━━ EXCERPTED DATA
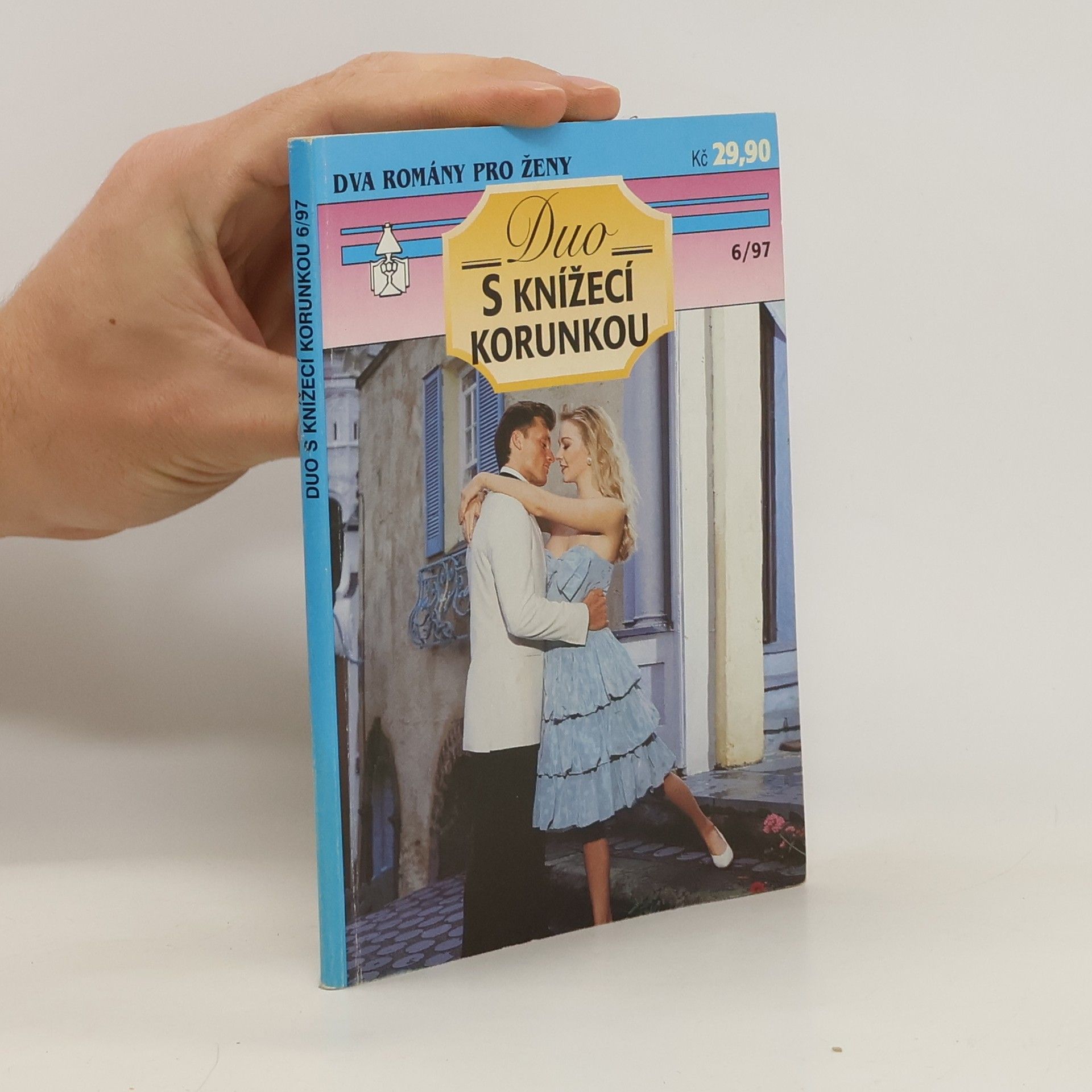 Autorenkollektiv Duo s knížecí korunkou 6/97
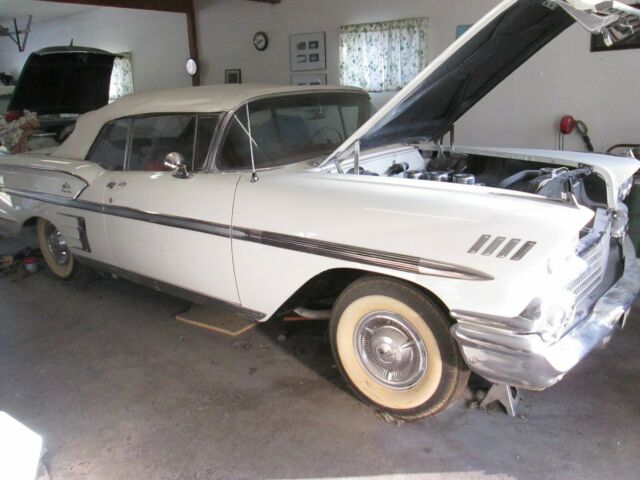 Chevrolet Bel Air 1958 image number 3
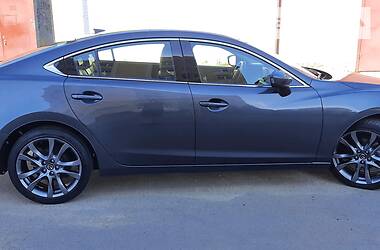 Седан Mazda 6 2015 в Киеве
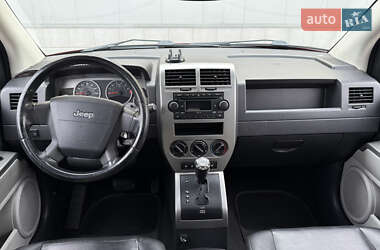 Внедорожник / Кроссовер Jeep Compass 2007 в 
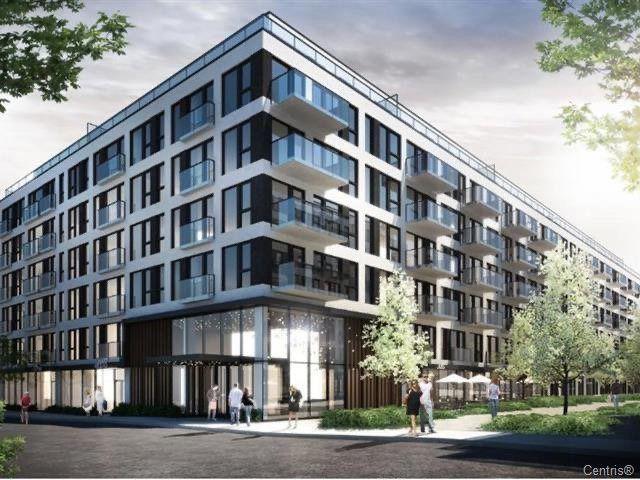 Apartment for rent in St. Leonard's, Quebec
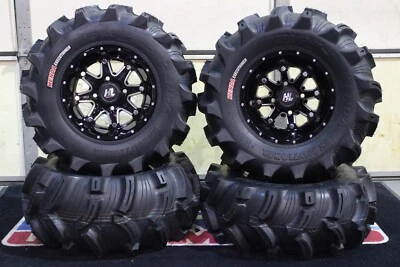 KIT NEUMÁTICO HONDA FOREMAN 450 26" VERDUGO ATV Y RUEDA HL4 SRA1CA Foto 1 de 4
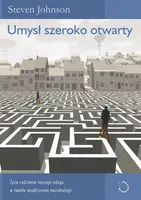 Okładka: Umysł szeroko otwarty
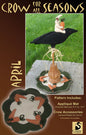 Crow For All Seasons- April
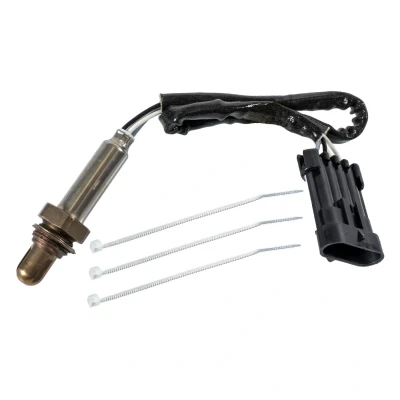 Image de FEBI BILSTEIN 175839 Sonde lambda chauffé, de régulation 4 OPEL: Zafira A, Astra G CC, Berline, VAUXHALL: Mk1
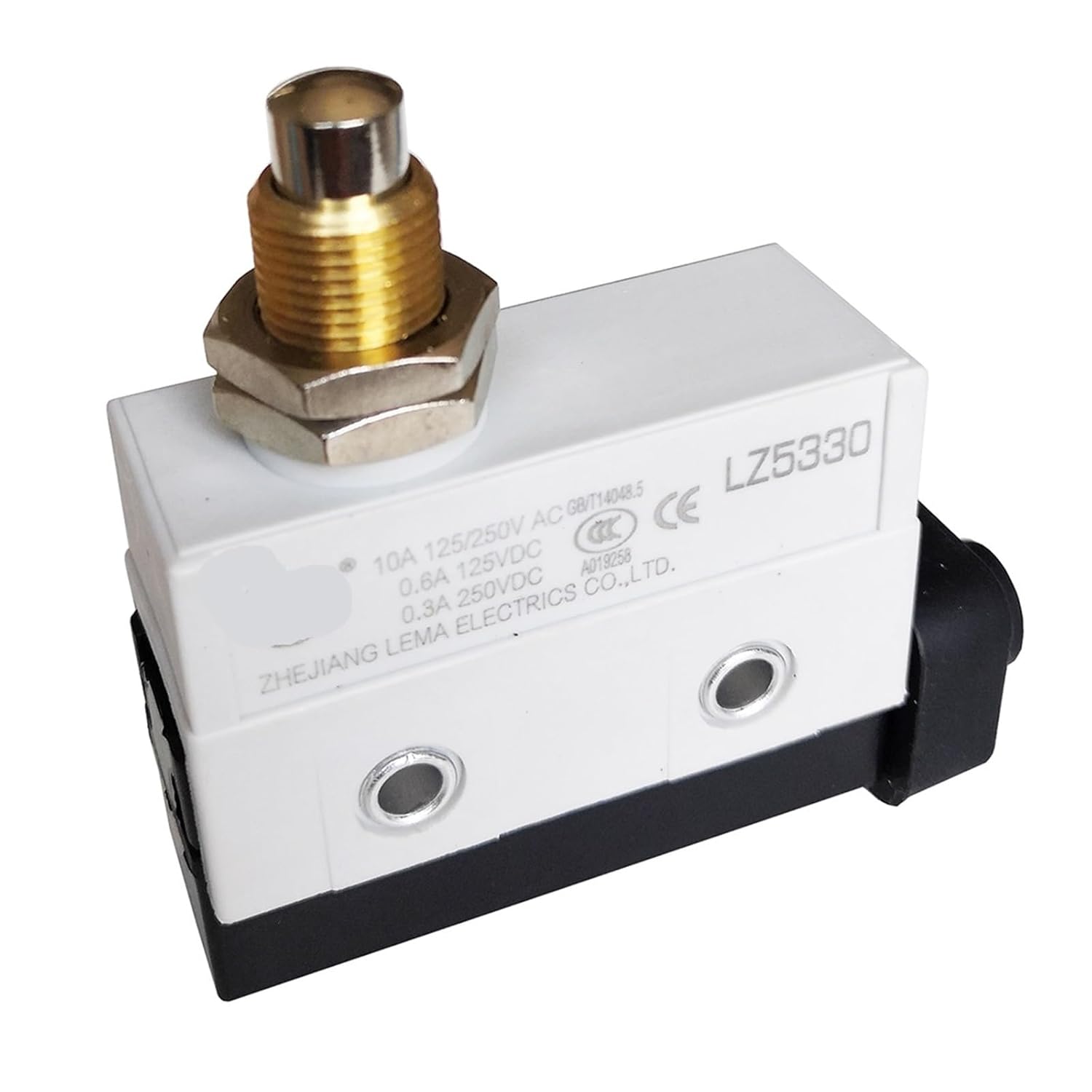 LZ5330 Waterproof 1NO 1NC Microswitch Limit Switches for Machinery Automation 10A 125/250V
━━━━
YOUR TASK: In the listing above, find the line containing "KIT NEUMÁTICO HONDA". Output it and every line after it up to and including the line containing "Crow For All Seasons- April", exactly, but skip the pictures.

WRITTEN ANSWER:
 KIT NEUMÁTICO HONDA FOREMAN 450 26" VERDUGO ATV Y RUEDA HL4 SRA1CA Foto 1 de 4
 Okładka: Umysł szeroko otwarty
 Crow For All Seasons- April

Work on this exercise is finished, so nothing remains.